Back in July, Nets said it had been approached by a handful of would-be suitors who showed an interest in acquiring the Danish mobile payments company. The attraction came about as a result of a change in behavior of consumers in Europe, who are favoring mobile payments over credit cards. Regulatory changes are also expected to open up the market and could result in more acquisitions or partnerships in the industry.
Nets went public in Copenhagen in 2016 and, according to Reuters, was valued at 30 billion crowns at the time.
Other suitors included industrial players and other PE firms, noted the report, citing Nets’ Deputy Chairman, Jeff Gravenhorst. France’s Worldline was named as one potential suitor, as well.

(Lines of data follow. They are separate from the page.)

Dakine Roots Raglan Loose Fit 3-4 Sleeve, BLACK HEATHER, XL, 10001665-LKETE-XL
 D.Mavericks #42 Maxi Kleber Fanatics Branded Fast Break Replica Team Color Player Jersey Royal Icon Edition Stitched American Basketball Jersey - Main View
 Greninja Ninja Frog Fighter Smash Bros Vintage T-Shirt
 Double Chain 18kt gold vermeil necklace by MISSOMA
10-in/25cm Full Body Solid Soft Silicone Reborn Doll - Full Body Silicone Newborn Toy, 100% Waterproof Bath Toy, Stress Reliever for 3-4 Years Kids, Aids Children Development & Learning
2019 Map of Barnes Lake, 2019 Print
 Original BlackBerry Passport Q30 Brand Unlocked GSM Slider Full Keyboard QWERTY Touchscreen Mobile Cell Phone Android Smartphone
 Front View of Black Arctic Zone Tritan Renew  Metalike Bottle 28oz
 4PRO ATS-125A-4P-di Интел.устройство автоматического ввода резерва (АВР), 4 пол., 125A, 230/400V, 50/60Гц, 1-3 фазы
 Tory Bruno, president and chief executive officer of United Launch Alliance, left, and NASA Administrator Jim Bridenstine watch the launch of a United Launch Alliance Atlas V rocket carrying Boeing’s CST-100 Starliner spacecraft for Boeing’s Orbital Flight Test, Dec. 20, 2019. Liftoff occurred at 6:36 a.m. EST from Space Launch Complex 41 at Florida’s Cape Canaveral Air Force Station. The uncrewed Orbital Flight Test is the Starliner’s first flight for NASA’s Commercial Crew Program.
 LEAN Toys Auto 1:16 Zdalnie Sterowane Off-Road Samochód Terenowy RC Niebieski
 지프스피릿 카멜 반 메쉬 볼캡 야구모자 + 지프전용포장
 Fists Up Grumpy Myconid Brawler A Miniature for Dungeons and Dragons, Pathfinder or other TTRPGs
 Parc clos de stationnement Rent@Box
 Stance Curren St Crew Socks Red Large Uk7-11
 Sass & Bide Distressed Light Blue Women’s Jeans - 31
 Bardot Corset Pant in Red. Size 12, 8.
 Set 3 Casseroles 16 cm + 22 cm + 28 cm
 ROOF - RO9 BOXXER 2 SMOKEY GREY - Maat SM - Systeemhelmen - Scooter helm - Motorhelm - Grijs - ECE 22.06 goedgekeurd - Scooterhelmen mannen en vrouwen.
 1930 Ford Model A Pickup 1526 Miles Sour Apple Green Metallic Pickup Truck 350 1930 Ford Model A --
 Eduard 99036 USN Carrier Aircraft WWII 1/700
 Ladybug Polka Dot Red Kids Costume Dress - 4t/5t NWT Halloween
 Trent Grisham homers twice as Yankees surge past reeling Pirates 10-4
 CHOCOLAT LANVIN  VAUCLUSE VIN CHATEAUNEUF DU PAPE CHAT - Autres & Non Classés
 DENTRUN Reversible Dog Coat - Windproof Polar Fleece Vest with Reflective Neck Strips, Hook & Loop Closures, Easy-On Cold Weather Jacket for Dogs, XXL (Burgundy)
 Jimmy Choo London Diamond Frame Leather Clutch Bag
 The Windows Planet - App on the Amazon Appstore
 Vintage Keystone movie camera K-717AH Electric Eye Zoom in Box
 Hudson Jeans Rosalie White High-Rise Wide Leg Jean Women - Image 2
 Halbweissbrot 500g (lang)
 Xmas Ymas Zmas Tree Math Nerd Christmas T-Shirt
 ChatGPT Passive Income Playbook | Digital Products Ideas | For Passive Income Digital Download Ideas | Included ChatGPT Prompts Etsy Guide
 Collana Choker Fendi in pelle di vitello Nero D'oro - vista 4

“We see an opportunity under private partnership to harness the expertise from the Nordic region — which is one of the most dynamic — and have the financial flexibility to examine consolidation,” Patrick Healy, deputy chief executive officer at Hellman & Friedman, told Reuters. The offer markets a 27 percent premium to Nets’ closing share price as of June 30, before the company was approached by suitors.
“We believe the offer represents attractive value to Nets’ shareholders,” Nets Chairman Inge Hansen said in a statement, noting Hellman & Friedman had reached out for a deal in June.
The acquisition still needs the backing of shareholders representing 90 percent of the company’s capital. Deutsche Bank, Morgan Stanley and Bank of America Merrill Lynch are providing debt financing for the deal and will be joined by other banks, noted Reuters, citing banking sources.